* _Brief_: Please write out each entry below exactly as given.

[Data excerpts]
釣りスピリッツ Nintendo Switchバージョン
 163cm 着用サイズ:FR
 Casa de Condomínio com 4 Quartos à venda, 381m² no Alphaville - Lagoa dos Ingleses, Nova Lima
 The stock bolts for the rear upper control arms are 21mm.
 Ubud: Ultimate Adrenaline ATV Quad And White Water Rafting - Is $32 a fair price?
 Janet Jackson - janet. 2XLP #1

* _Answer area_:
釣りスピリッツ Nintendo Switchバージョン
 163cm 着用サイズ:FR
 Casa de Condomínio com 4 Quartos à venda, 381m² no Alphaville - Lagoa dos Ingleses, Nova Lima
 The stock bolts for the rear upper control arms are 21mm.
 Ubud: Ultimate Adrenaline ATV Quad And White Water Rafting - Is $32 a fair price?
 Janet Jackson - janet. 2XLP #1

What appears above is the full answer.